> **Exercise objective**
Output every entry exactly as written.

Dataset items
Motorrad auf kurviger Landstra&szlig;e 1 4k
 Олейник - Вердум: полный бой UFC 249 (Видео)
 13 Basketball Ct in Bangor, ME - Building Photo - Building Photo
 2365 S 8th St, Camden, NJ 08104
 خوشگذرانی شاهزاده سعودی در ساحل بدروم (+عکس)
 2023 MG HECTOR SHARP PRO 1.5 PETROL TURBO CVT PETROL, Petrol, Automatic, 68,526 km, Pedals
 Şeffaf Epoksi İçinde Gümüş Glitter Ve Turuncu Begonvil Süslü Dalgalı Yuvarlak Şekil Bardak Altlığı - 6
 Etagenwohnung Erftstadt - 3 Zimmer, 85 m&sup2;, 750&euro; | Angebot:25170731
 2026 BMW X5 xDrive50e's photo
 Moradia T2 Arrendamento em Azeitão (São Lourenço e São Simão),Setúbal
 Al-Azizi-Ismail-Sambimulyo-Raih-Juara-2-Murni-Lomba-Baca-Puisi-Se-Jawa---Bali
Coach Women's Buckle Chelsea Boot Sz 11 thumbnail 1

> **Task solution**
Motorrad auf kurviger Landstra&szlig;e 1 4k
 Олейник - Вердум: полный бой UFC 249 (Видео)
 13 Basketball Ct in Bangor, ME - Building Photo - Building Photo
 2365 S 8th St, Camden, NJ 08104
 خوشگذرانی شاهزاده سعودی در ساحل بدروم (+عکس)
 2023 MG HECTOR SHARP PRO 1.5 PETROL TURBO CVT PETROL, Petrol, Automatic, 68,526 km, Pedals
 Şeffaf Epoksi İçinde Gümüş Glitter Ve Turuncu Begonvil Süslü Dalgalı Yuvarlak Şekil Bardak Altlığı - 6
 Etagenwohnung Erftstadt - 3 Zimmer, 85 m&sup2;, 750&euro; | Angebot:25170731
 2026 BMW X5 xDrive50e's photo
 Moradia T2 Arrendamento em Azeitão (São Lourenço e São Simão),Setúbal
 Al-Azizi-Ismail-Sambimulyo-Raih-Juara-2-Murni-Lomba-Baca-Puisi-Se-Jawa---Bali
Coach Women's Buckle Chelsea Boot Sz 11 thumbnail 1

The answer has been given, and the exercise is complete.